Prefix-tuning has drawn much attention as it is a parameter-efficient and modular alternative to adapting pretrained language models to downstream tasks. However, we find that prefix-tuning suffers from adversarial attacks. While, unfortunately, current robust NLP methods are unsuitable for prefix-tuning as they will inevitably hamper the modularity of prefix-tuning. In our ICLR'22 paper, we propose robust prefix-tuning for text classification. Our method leverages the idea of test-time tuning, which preserves the strengths of prefix-tuning and improves its robustness at the same time. This repository contains the code for the proposed robust prefix-tuning method.
PyTorch>=1.2.0, pytorch-transformers==1.2.0, OpenAttack==2.0.1, and GPUtil==1.4.0.
For the training phase of standard prefix-tuning, the command is:
source train.sh --preseqlen [A] --learning_rate [B] --tasks [C] --n_train_epochs [D] --device [E]
where
- [A]: The length of the prefix P_θ.
- [B]: The (initial) learning rate.
- [C]: The benchmark. Default: sst.
- [D]: The total epochs during training.
- [E]: The id of the GPU to be used.
We can also use adversarial training to improve the robustness of the prefix. For the training phase of adversarial prefix-tuning, the command is:
source train_adv.sh --preseqlen [A] --learning_rate [B] --tasks [C] --n_train_epochs [D] --device [E] --pgd_ball [F]
where
- [A]~[E] have the same meanings with above.
- [F]: where norm ball is word-wise or sentence-wise.
Note that the DATA_DIR and MODEL_DIR in train_adv.sh are different from those in train.sh.
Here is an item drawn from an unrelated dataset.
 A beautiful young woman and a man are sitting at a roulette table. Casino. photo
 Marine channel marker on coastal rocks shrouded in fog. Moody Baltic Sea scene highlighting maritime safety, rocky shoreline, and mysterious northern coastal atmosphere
When experimenting with the adversarially trained prefix P_θ's in the following steps, remember to switch the DATA_DIR and MODEL_DIR in the corresponding scripts as well.
We use the OpenAttack package to generate in-sentence adversaries. The command is:
source generate_adv_insent.sh --preseqlen [A] --learning_rate [B] --tasks [C] --device [E] --test_ep [G] --attack [H]
where
- [A],[B],[C],[E] have the same meanings with above.
- [G]: Load the prefix P_θ parameters trained for [G] epochs for testing. We set G=D.
- [H]: Generate adversarial examples based on clean test set with the in-sentence attack [H].
We also implement the Universal Adversarial Trigger attack. The command is:
source generate_adv_uat.sh --preseqlen [A] --learning_rate [B] --tasks [C] --device [E] --test_ep [G] --attack clean-[H2] --uat_len [I] --uat_epoch [J]
where
- [A],[B],[C],[E],[G] have the same meanings with above.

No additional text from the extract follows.